* _What the task asks_: Write out the data exactly, please, and omit the pictures.
*** Opening of Material shown ***
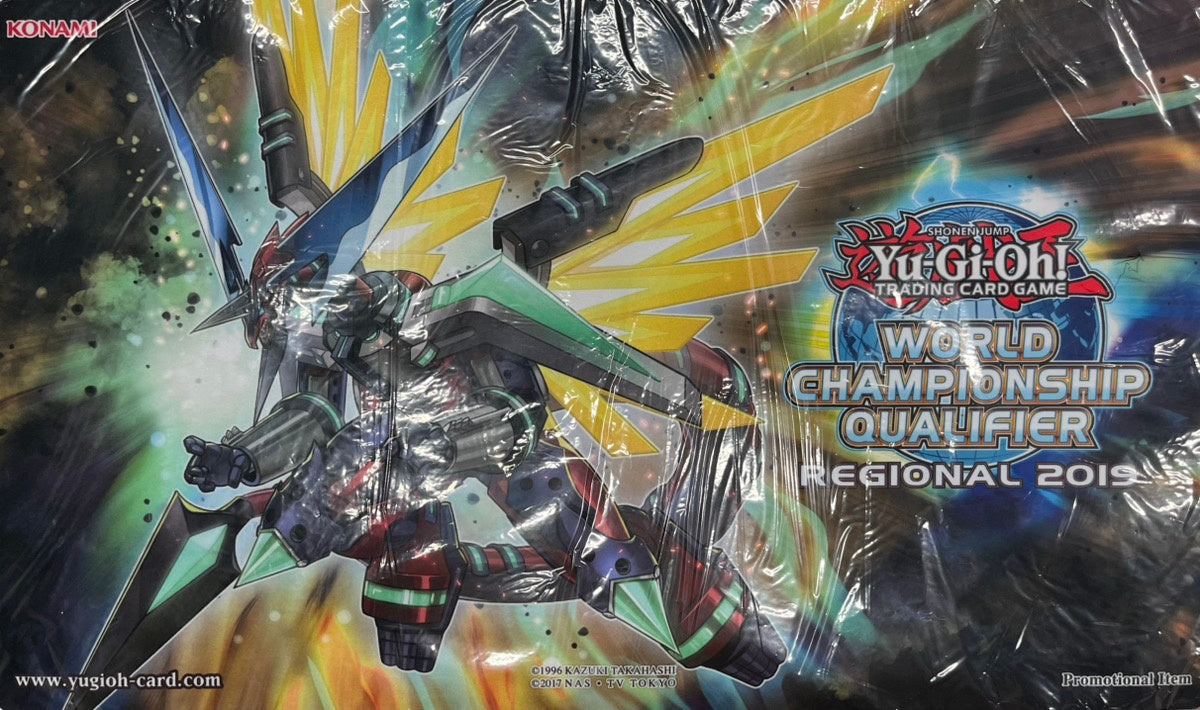 遊戯王 CIRCUIT BREAK プレイマット ヴァレルロードドラゴン 状態B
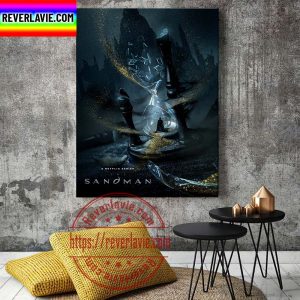A Netflix Series The Sandman Home Decor Poster Canvas
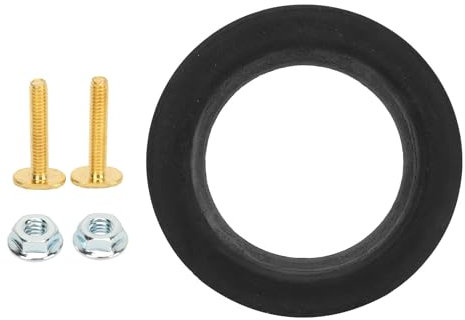 Kit de Joint de Toilette pour Camping-car, qualité Supérieure 12524, Kit de Boulons de Joint Thetford Magic IV V, Chasse D'eau Douce à Main Haute et Basse, Blanc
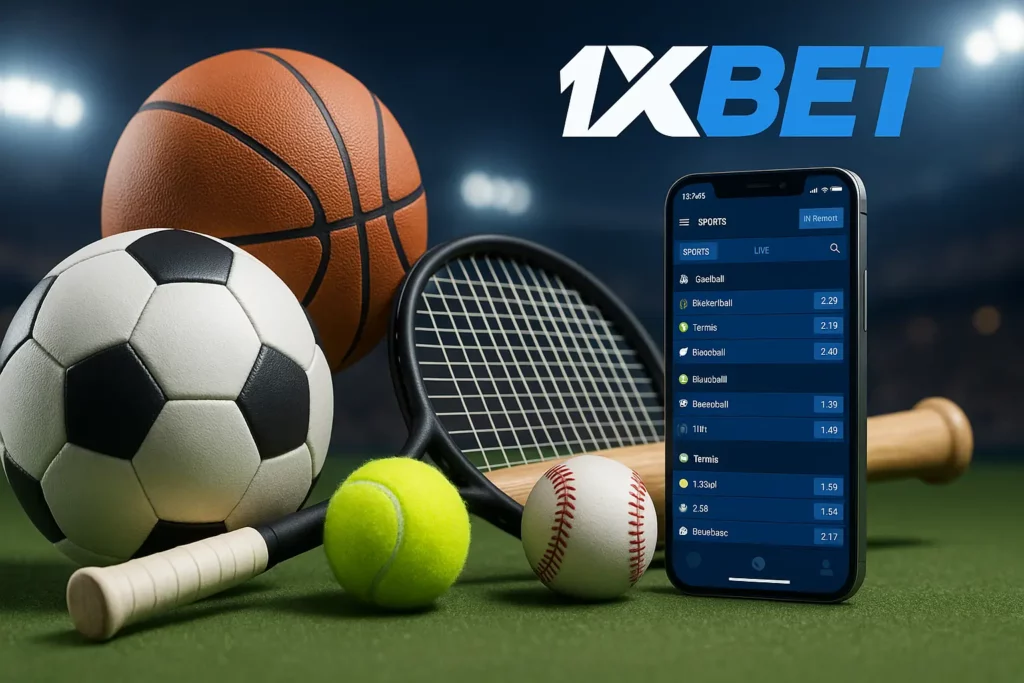Sports at 1xBet Nigeria
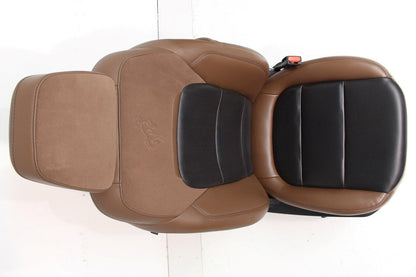 22-25 Ford Bronco Sport Badlands Seats Heated Leather Ebony Brown Project Truck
*** Close of Material shown ***
* _Worked solution_:
 遊戯王 CIRCUIT BREAK プレイマット ヴァレルロードドラゴン 状態B
A Netflix Series The Sandman Home Decor Poster Canvas
 Kit de Joint de Toilette pour Camping-car, qualité Supérieure 12524, Kit de Boulons de Joint Thetford Magic IV V, Chasse D'eau Douce à Main Haute et Basse, Blanc
Sports at 1xBet Nigeria
 22-25 Ford Bronco Sport Badlands Seats Heated Leather Ebony Brown Project Truck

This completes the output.